The Valley’s commercial real estate market will continue to improve slowly in 2015 with promising growth in residential rental housing, an Arizona State University real estate professor said.
“We don’t see big changes in 2015 at all,” Mark Stapp with ASU’s Center for Real Estate Theory and Practice told those attending the SRP 2015 Economic Forecast on Oct. 2.
However, Stapp said population growth in the metro area will increase demand for apartments over the longer term.
“Obviously, the dominant form of housing in the metro area has been apartment,” he said.
Stapp and other ASU researchers survey real estate brokers to develop quarterly forecasts of the commercial real estate market, which also includes offices, industrial spaces and retail rentals.

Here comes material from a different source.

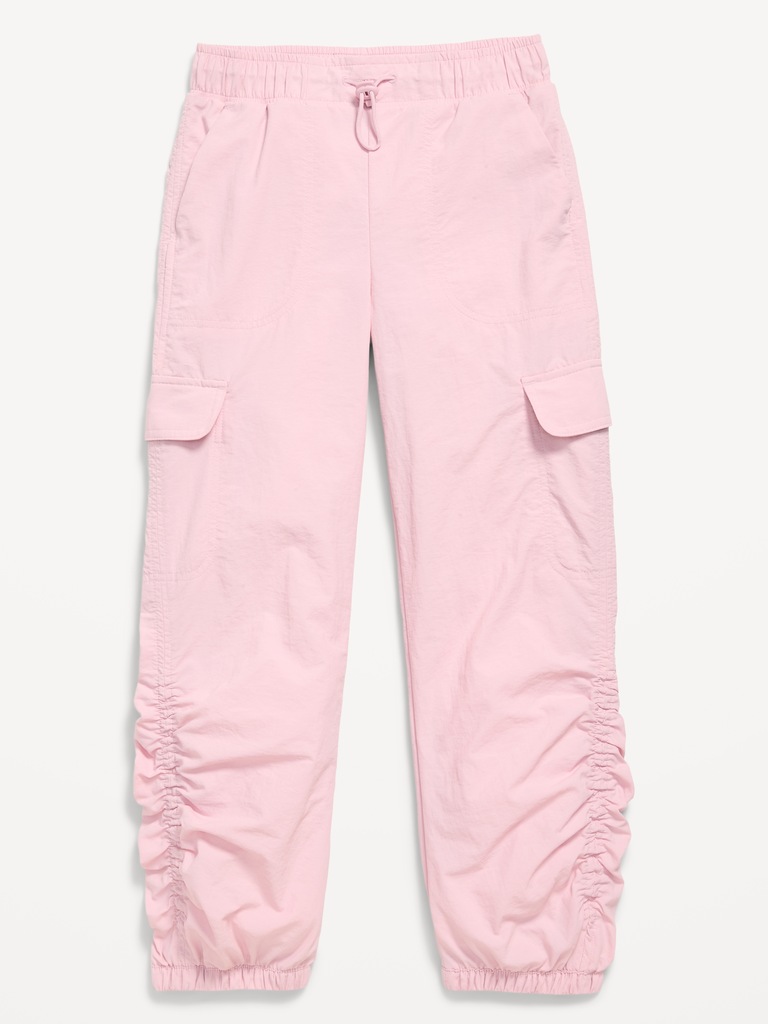 High-Waisted Side Ruched Cargo Parachute Joggers for Girls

He said the Phoenix area is still deemed as a recovery market by investors, though he said none of the respondents expected returns on investment to increase in the last half of 2014.
Stapp highlighted a marked increase in respondents who expected rents to go up from the second quarter to third quarter. A July report from ASU’s W.P. Carey School of Business cited a 7.5 percent rise in residential rents over the past year in metro Phoenix.
He said he expects apartment rents to stabilize as the supply expands.
Noting that the forecast calls for more than 7,000 luxury apartments to be built next year, Stapp said he’s concerned about the supply of affordable apartments that are much more in demand.
“We have to maintain that affordability in living,” he said.